Apesar do cenário desafiador, o diplomata se mostrou otimista. Há uma vontade perceptível de construir um resultado ambicioso, afirmou ele, e isso faz diferença. Nos bastidores, equipes se movimentam para elaborar textos de consenso capazes de oferecer respostas à altura da crise climática. A conferência realizada em Belém ganha importância adicional por ocorrer na Amazônia, região emblemática da biodiversidade global e ao mesmo tempo vulnerável às pressões de desmatamento, mudanças no regime de chuvas e degradação ambiental.

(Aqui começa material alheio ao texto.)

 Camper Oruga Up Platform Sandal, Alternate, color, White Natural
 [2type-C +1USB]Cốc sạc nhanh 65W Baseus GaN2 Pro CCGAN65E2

Os próximos passos dependem da capacidade de costurar acordos nos bastidores. Ainda na tarde de sexta, Corrêa do Lago espera ter uma noção mais clara de quando a COP30 poderá ser concluída, embora reconheça que o prolongamento é a regra e não a exceção. Em sua avaliação, forçar o encerramento sem amadurecer as negociações seria pior do que estender os trabalhos por mais algumas horas – ou dias.

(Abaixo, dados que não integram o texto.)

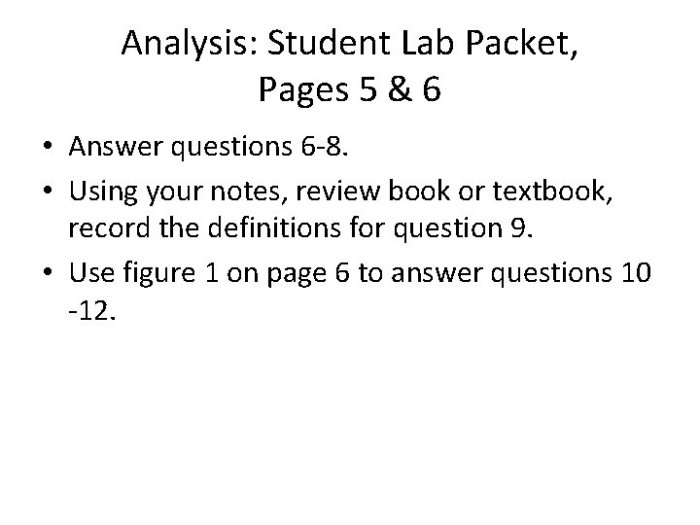 The beaks of finches student laboratory packet answers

O presidente da COP30 alertou também para o risco de um resultado aquém do esperado descredibilizar o multilateralismo. Se a conferência falhar em produzir avanços concretos, argumentou ele, a percepção pública sobre a efetividade das negociações climáticas pode sofrer um impacto sério, alimentando narrativas de descrença e paralisia política. No entanto, um bom acordo – mesmo que atrasado – pode influenciar de forma decisiva a vida das pessoas ao orientar políticas públicas, destravar investimentos e incentivar ações mais rápidas por parte dos governos.
A sensação entre os participantes é de que o incêndio foi um contratempo importante, mas não suficiente para desviar o curso de uma conferência que já vinha marcada por expectativas elevadas. A COP30 segue, agora com um ritmo mais cuidadoso, tentando conciliar urgência com profundidade. O cronograma pode escorregar, mas o objetivo central permanece firme: entregar uma resposta coletiva capaz de enfrentar o momento climático mais decisivo da história contemporânea.